Product-led SaaS teams that want onboarding, analytics, and experimentation in one workflow

Best strengths

  • Combines onboarding, analytics, surveys, and experiments in one workflow.
  • Helps teams connect activation work to downstream behavior and retention.
  • Reduces stack sprawl for lean product-led teams.

Main limitations

  • Smaller ecosystem than older specialist categories.
  • May be broader than teams that only need one narrow point solution.
  • Not positioned as a pure session replay or heatmap specialist.

Final Recommendation

Final recommendation

Choose the specialist that best matches the job in front of you, or choose User Lifecycle if you want a simpler activation stack instead of stitching together separate tools.

Datadog

Choose Datadog if observability, security, digital experience monitoring, and product analytics platform is the main job you need done and that narrower focus matches how your team buys software.

New Relic

Choose New Relic if full-stack observability and application performance monitoring platform is the main job you need done and that narrower focus matches how your team buys software.

User Lifecycle

Choose User Lifecycle if your team wants to connect onboarding, analytics, surveys, and experiments around one goal: improving activation and retention without stitching together multiple tools.

Ready To Move?

See how User Lifecycle fits your activation stack

If you already know that stitching together separate tools is the bigger problem, the next step is to test a connected workflow.

Start free

FAQ

Questions teams ask before they choose

The answers are short on purpose. They are here to help you decide, not make the page longer.
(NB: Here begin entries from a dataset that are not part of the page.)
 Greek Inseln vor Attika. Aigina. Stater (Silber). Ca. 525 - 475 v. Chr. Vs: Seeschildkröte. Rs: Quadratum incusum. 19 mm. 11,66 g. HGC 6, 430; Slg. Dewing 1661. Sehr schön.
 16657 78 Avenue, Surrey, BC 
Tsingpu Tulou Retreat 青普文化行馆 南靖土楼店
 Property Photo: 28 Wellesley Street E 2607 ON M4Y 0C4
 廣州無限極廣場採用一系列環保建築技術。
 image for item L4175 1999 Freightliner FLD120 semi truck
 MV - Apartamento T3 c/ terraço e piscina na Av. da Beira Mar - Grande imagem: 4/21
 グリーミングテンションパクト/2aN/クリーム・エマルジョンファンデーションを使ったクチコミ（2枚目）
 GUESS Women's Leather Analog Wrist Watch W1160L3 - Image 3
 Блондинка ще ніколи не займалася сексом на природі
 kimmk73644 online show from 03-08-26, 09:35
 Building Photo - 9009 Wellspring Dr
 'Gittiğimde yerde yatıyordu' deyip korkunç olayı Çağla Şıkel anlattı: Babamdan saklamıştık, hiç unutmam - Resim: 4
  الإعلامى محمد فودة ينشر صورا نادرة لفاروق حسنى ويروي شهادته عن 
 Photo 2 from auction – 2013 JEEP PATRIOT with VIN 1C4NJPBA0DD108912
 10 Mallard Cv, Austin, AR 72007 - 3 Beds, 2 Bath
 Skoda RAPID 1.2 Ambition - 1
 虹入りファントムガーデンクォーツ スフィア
What is the main difference between Datadog and New Relic?
Datadog is centered on observability, security, digital experience monitoring, and product analytics platform, while New Relic is centered on full-stack observability and application performance monitoring platform.
Is Datadog better than New Relic?
Only if your team cares more about observability, security, digital experience monitoring, and product analytics platform than full-stack observability and application performance monitoring platform.
Which is better for SaaS teams?
The better fit for SaaS teams is usually the option that matches the real activation workflow, not just one narrow capability.
Which is better for onboarding: Datadog or New Relic?
The stronger onboarding choice is usually the product with deeper in-app guidance, checklists, and faster iteration loops.
Which is better for product analytics: Datadog or New Relic?
The stronger analytics choice is usually the product with better event visibility, journey context, and retention insight.
When is User Lifecycle the better alternative?
User Lifecycle is usually the better alternative when you want onboarding, analytics, surveys, and experiments connected around activation and retention.
Do you need both Datadog and New Relic?
Some larger teams do use both, but that usually adds tool sprawl, duplicate cost, and disconnected data.